Have you ever taken a picture indoors and had unsightly black bars interrupt your otherwise gorgeous photo? They are caused by lighting which flickers in and out in its normal operation. Some people can sense it easier than others without a camera. The inconsistent light goes out so briefly that we usually cannot perceive it but run-of-the-mill camera phones scan rows of pixels in sequence, and if there are no photons to detect while some rows are scanned, those black bars are the result. Annoying, right?

What if someone dressed that bug of light up as a feature? Instead of ruining good photos, researchers at the University of California-San Diego and the University of Wisconsin-Madison have found out what different frequencies of flicker will do to a photograph. They have also experimented with cycling through red, green, and blue to give the effect of a poorly dubbed VHS.
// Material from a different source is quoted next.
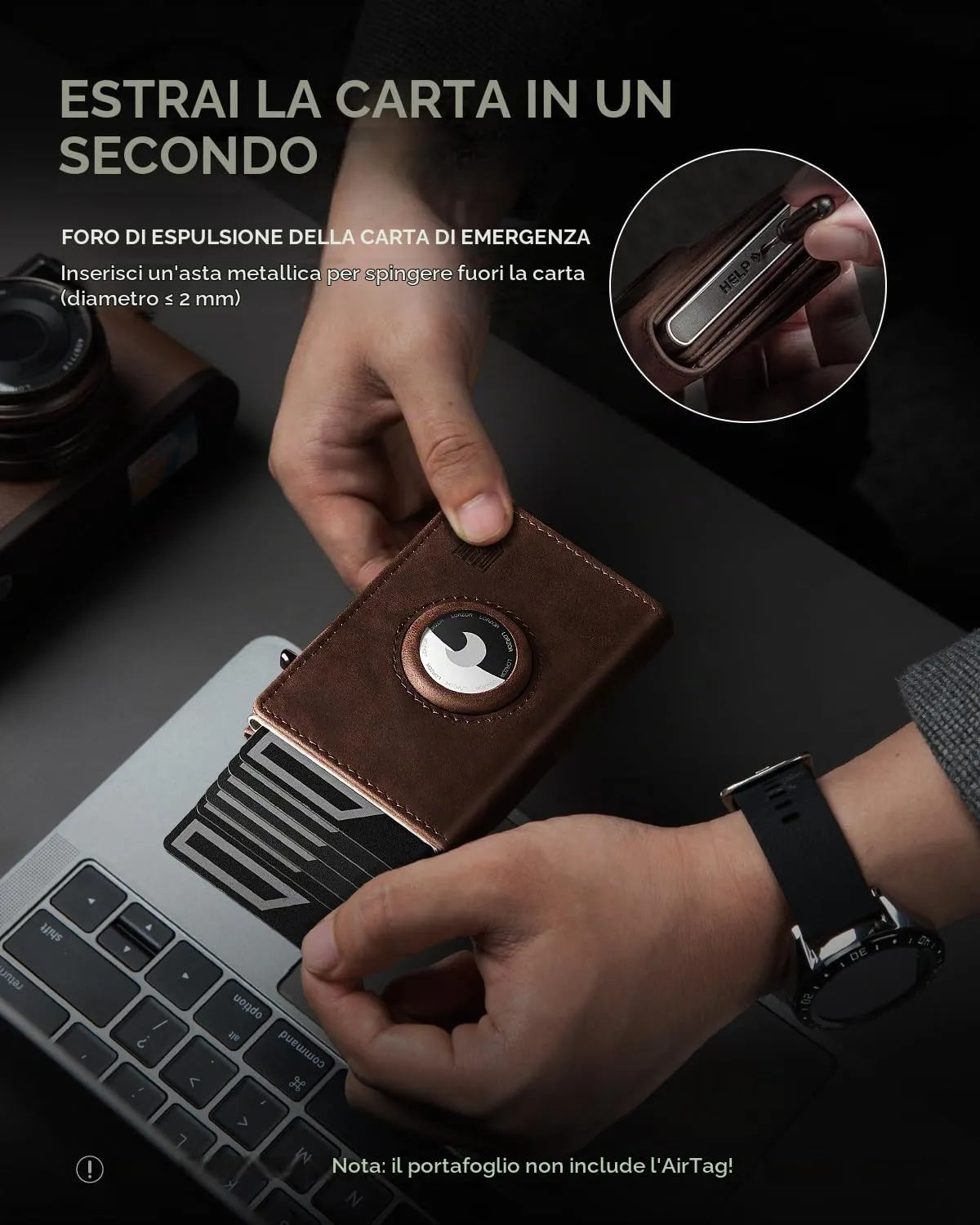 DODENSHA Airtag Wallet Portafoglio da uomo Smart Airtag con scomparto per monete, protezione RFID e capacità per oltre 10 carte di credito, design MagSnap (Marrone Argento) - immagine 4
There are ways an intelligent photographer could get around the photo-ruining effect with any smartphone. Meanwhile DSLR cameras are already immune and it won’t work in sunlight, so we are not talking about high security image protection. The neat thing is that this should be easy to replicate with some RGB strips and a controller. This exploits the row scanning of new cameras, so some older cameras are immune.

13 thoughts on “Unphotogenic Lighting As A Feature

    1. This blinking/banding/strobing effect has become much worse these days with LED lightbulbs replacing compact fluorescents and regular bulbs. It used to be that only bad fluorescent tubes would blink, but now it seems half the bulbs out there are strobing because they’re not DC regulated.
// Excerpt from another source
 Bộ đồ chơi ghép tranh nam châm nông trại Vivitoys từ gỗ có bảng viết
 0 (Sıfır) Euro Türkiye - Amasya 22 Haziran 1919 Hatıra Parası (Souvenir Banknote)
      Gives me migraines, especially the ones where half the LEDs are on every half cycle, so the light pattern changes .

      1. I wish we could go back to good old tungsten filament. You knew where you were with them. These new fluorescent ones take ages to reach full intensity, and could well poison you with mercury if you drop one on the floor. The LED ones are about 100 x the price of an old tungsten filament bulb.

        1. No idea where you live, but here the led filament lights are about the same price as tungsten filament lights, with good color, not flicker, dimable and seem to last just fine. IKEA sells them too.

  1. Isn’t a similar technique used by those shady-market license plate frames with the LED strobes? Strobe at some multiple of the camera’s line frequency, and foil the ALPR toll system…

  2. Seeing the image I thought the article was going to be about structured light for 3D scanning. Maybe this isn’t bad photography–it’s really a tool used by our robotic overlords for making clandestine 3D scans.